* **What you have to do**:
Pictures aside, please retype the whole listing word for word.

►

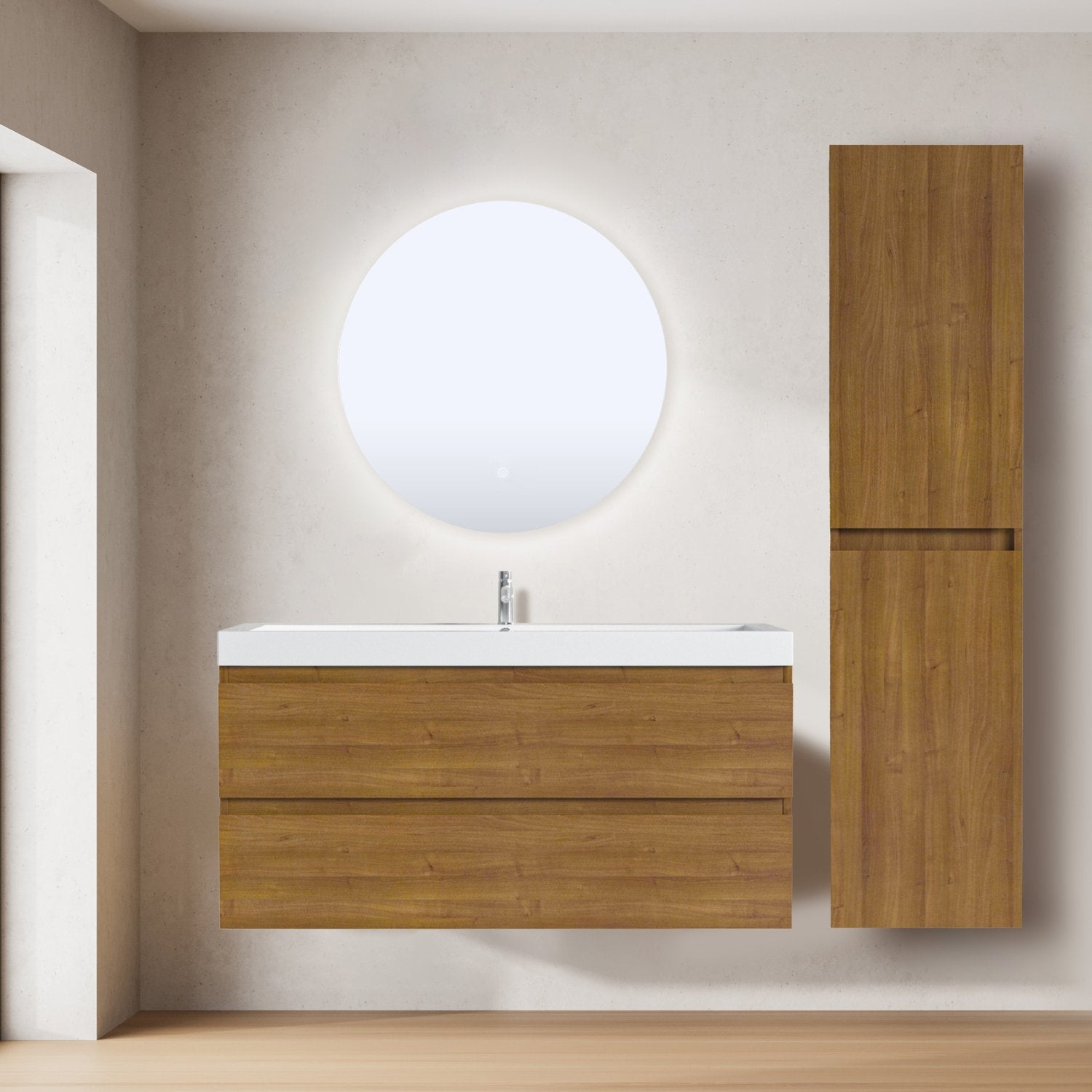 LOMAZOO colonne salle de bain Marbella chêne chaud - 140cm - 4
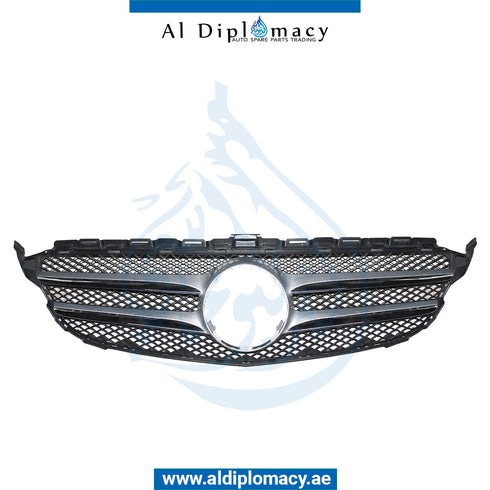 SHOW Grille, Silver, WITHOUT LOGO for Mercedes-Benz C Class W205 (2015-2021) models, Part Number T-2058800023-SL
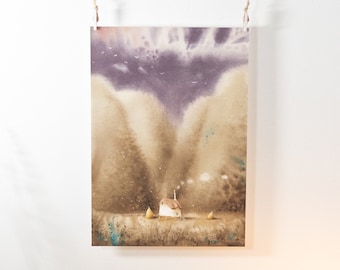 Watercolor Mountain Print: Fairy Tale House, Fantasy Landscape (A4)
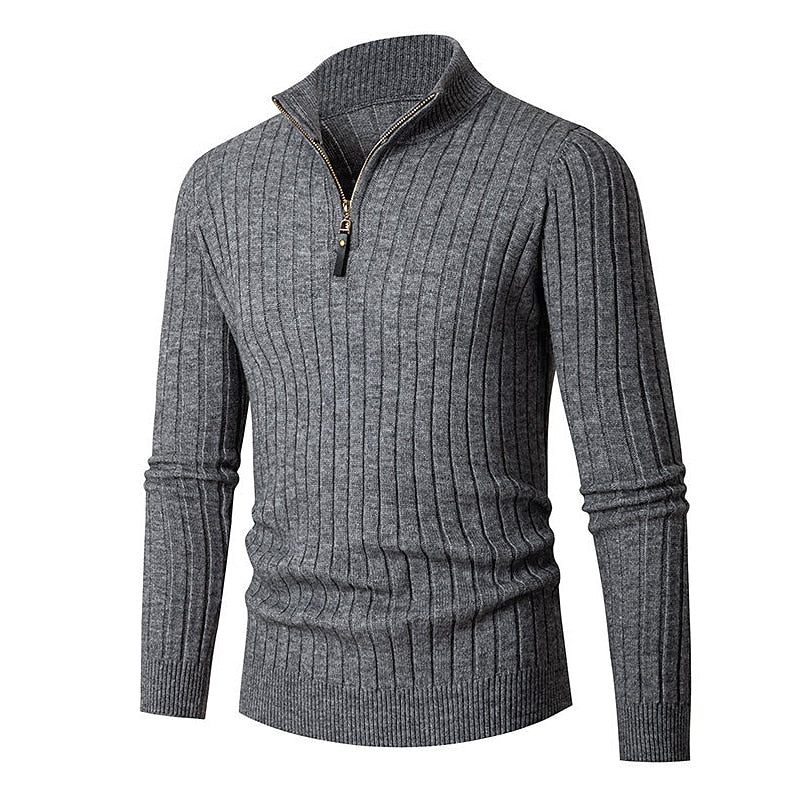 Brenwald | Herren Strickpullover mit Reißverschluss - Cream - Image 5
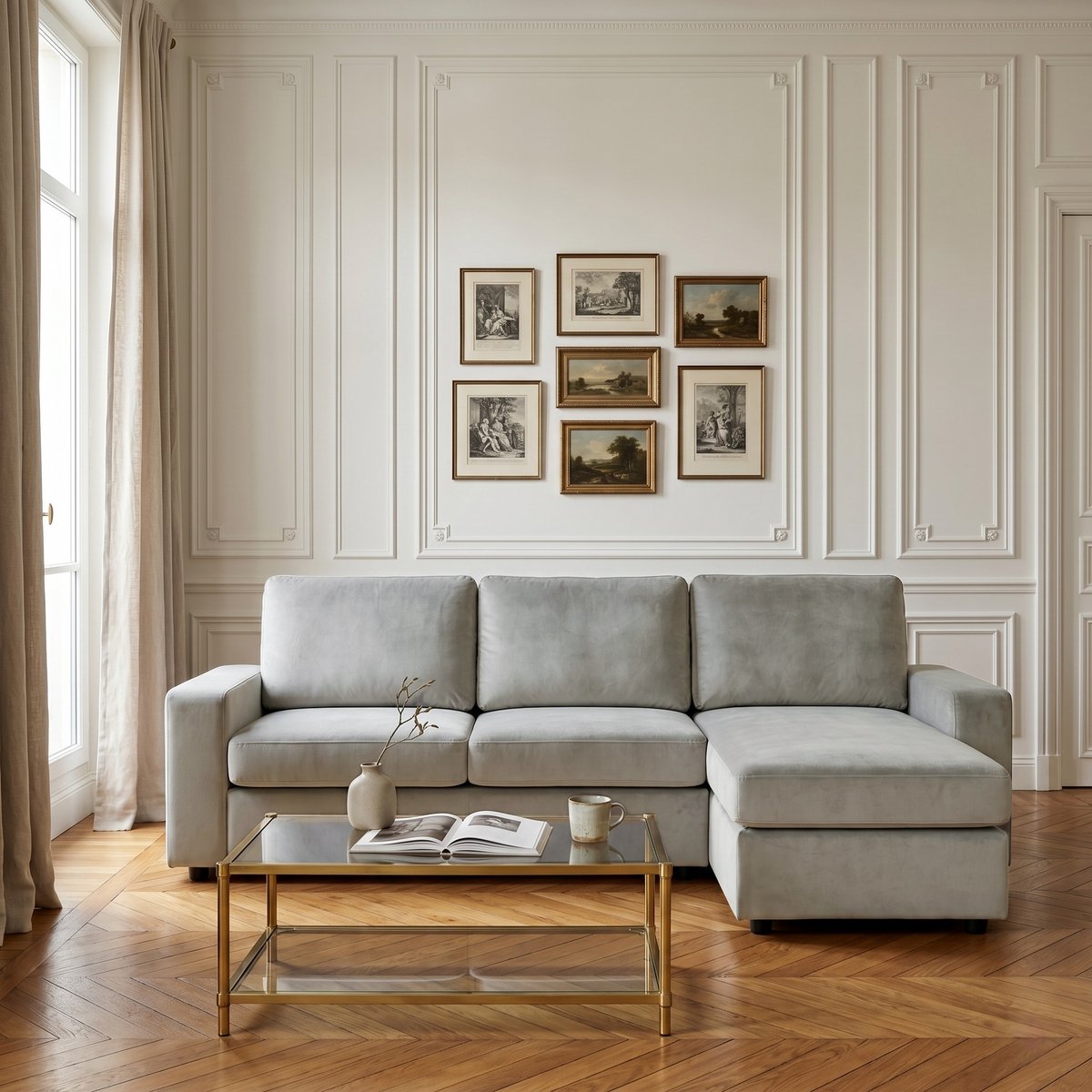 STILVORA Hoekbank 245,5 cm - Met Stauraum En Ottomane - 3 Zits Voor Woonkamer En Lounge - Polyester - Licht Grijs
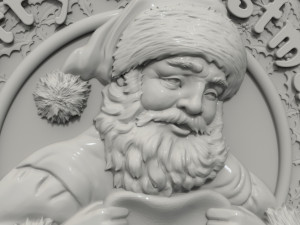 STL CNC Router file 3dprintable Merry Christmas Santa Decor 3D Print Model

◄

* **Task solution**:
 LOMAZOO colonne salle de bain Marbella chêne chaud - 140cm - 4
 SHOW Grille, Silver, WITHOUT LOGO for Mercedes-Benz C Class W205 (2015-2021) models, Part Number T-2058800023-SL
 Watercolor Mountain Print: Fairy Tale House, Fantasy Landscape (A4)
 Brenwald | Herren Strickpullover mit Reißverschluss - Cream - Image 5
 STILVORA Hoekbank 245,5 cm - Met Stauraum En Ottomane - 3 Zits Voor Woonkamer En Lounge - Polyester - Licht Grijs
 STL CNC Router file 3dprintable Merry Christmas Santa Decor 3D Print Model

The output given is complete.